Requirement>
Would you reproduce exactly the lines below from the one holding "interior space featuring" through the one holding "Victor Hugo Sandoval", inclusive, and no others?
Input data section start
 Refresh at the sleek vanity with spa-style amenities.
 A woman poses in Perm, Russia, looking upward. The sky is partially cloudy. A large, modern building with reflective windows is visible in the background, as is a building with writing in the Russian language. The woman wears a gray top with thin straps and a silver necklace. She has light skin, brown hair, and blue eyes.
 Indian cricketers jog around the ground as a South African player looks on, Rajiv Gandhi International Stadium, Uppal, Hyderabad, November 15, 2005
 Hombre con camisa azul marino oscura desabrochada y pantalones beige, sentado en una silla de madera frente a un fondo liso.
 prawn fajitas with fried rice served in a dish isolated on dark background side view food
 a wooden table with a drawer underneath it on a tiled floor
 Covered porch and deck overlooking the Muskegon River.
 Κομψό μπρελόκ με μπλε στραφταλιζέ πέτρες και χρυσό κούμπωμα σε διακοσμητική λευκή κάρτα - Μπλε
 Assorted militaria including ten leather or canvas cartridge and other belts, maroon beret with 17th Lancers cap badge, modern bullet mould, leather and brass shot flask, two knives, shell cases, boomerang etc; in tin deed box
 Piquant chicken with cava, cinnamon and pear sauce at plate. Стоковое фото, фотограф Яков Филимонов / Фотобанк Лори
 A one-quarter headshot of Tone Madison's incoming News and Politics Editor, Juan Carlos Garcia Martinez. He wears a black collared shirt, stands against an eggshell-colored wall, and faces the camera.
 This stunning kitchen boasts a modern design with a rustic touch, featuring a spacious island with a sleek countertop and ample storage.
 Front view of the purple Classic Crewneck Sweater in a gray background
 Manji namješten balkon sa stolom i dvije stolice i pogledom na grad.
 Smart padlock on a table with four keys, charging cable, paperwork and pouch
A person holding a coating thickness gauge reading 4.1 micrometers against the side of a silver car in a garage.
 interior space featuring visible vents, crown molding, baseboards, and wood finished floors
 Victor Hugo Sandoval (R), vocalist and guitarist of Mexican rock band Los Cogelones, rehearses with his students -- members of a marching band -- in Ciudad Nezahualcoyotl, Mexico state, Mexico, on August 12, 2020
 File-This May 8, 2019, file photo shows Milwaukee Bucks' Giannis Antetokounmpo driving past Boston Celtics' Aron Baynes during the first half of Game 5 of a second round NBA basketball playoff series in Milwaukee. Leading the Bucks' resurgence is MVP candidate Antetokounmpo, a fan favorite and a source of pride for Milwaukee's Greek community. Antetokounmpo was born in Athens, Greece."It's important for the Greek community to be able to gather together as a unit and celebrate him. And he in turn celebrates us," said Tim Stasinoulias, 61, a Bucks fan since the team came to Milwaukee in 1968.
Input data section end
Exercise answer>
 interior space featuring visible vents, crown molding, baseboards, and wood finished floors
 Victor Hugo Sandoval (R), vocalist and guitarist of Mexican rock band Los Cogelones, rehearses with his students -- members of a marching band -- in Ciudad Nezahualcoyotl, Mexico state, Mexico, on August 12, 2020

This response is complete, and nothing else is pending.